While in hiding, I've seen what close-minded people are capable of. They snipe and bash whoever they feel don't belong on the same planet they inhabit. It's painful to know that I have friends on both sides of the great social divide. Some of these friends don't know about me yet, since they don't actually read my blog. However they react to this fact that I am not one of them, so to speak, will determine whether they remain my friends or not. I have no intentions of associating myself with prejudiced people who choose to misunderstand those who NEED closets.
That said, I think I should prepare myself for the worst. I know how not to give in to those suicidal urges I had almost 5 years ago. Oh, have I not mentioned that? Yeah, I used to cut myself. Thankfully, the cuts were usually shallow, and healed without leaving a scar. Except for one distinct one on my left wrist, which I look at every time I feel hopeless. It reminds me that I've survived the worst, and things can only get better.
And things are indeed getting better. A few of my relatives know about me, and so do a few of my selected friends (including the two aforementioned guys). They've accepted me for how I am, and it makes me feel like I've made good decisions in friend choice. I worry more about those who haven't found out yet. But as much as I'd hate to lose my friends because of something that I am, as opposed to something that I did, I'd much rather be myself, not changing for anyone else's preference. After all, I'm an artist, and artists value individuality over all else. Those who don't, well... should.

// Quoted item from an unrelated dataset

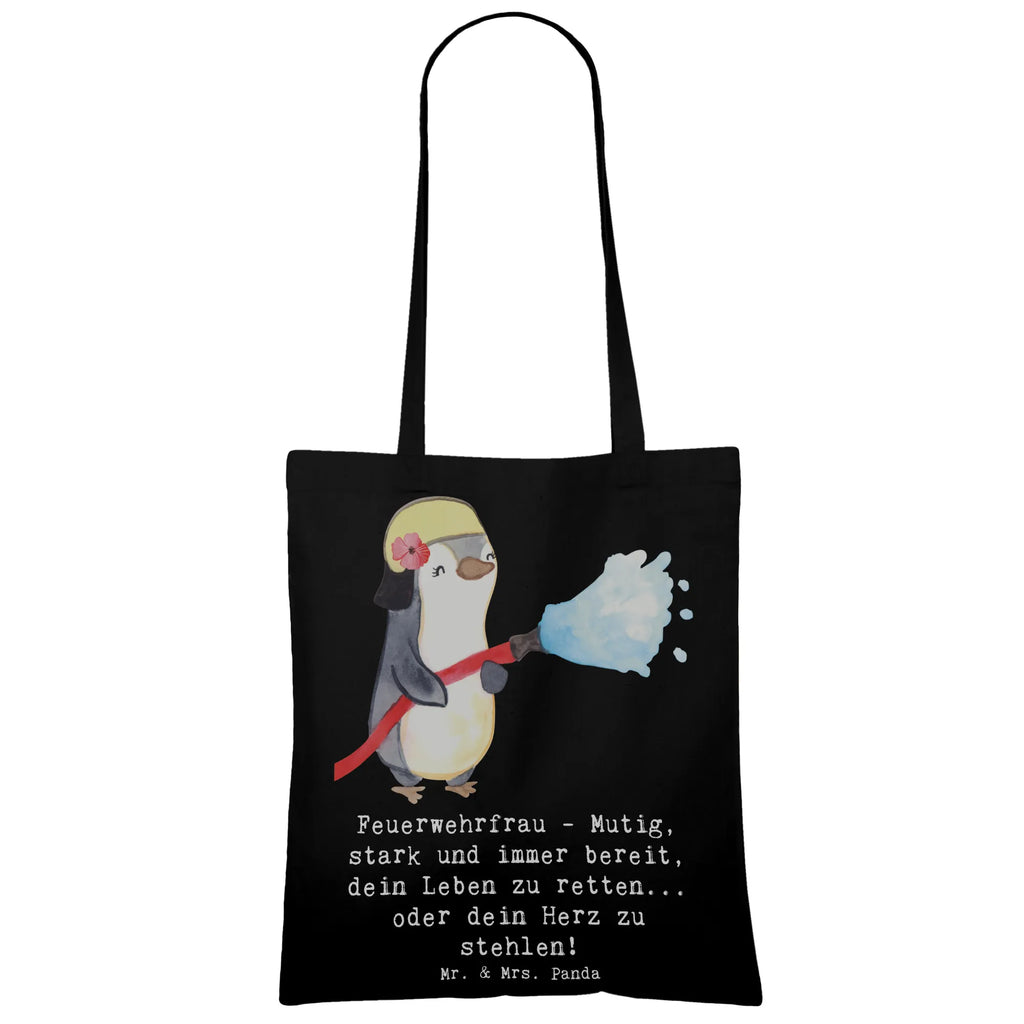 Tote bag Feuerwehrfrau - Mutig, stark und immer bereit, dein Leben zu retten... oder dein Herz zu stehlen! Tragetasche, Einkaufstüte, Stoffbeutel, Umhängetasche, Stofftasche, Schultertasche, Tasche, Strandtasche, Jutetasche, Badetasche, Beutel, Jutebeutel, Einkaufstasche, Shopper, Beuteltasche, Laptoptasche, Beruf, Ausbildung, Jubiläum, Abschied, Rente, Kollege, Kollegin, Geschenk, Schenken, Arbeitskollege, Mitarbeiter, Firma, Danke, Dankeschön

And to finally get to the point of my blog, here's what I mean, when I mean you harmony:
In the same way the beautiful music is created with a combination of different good notes, different good instruments, and different good voices, society must consist of good people, who are all different, and are all capable of complementing each other, not pushing each other away. I want to work on that. I want to have harmony in life, society, and love. I've got the right idol (that being the social and environmental activist Jason Mraz), and I want to be an active supporter. I want people to be supporters as well.
People will be male, female, straight, gay, bi, or any combination of those. They can be of any race, too. Accept them as they are. They probably just want some harmony as well.
Help us attain harmony.
You'll be glad you did.
Thanks for reading. And for caring. And for the virtual cookies you feed me every time you do.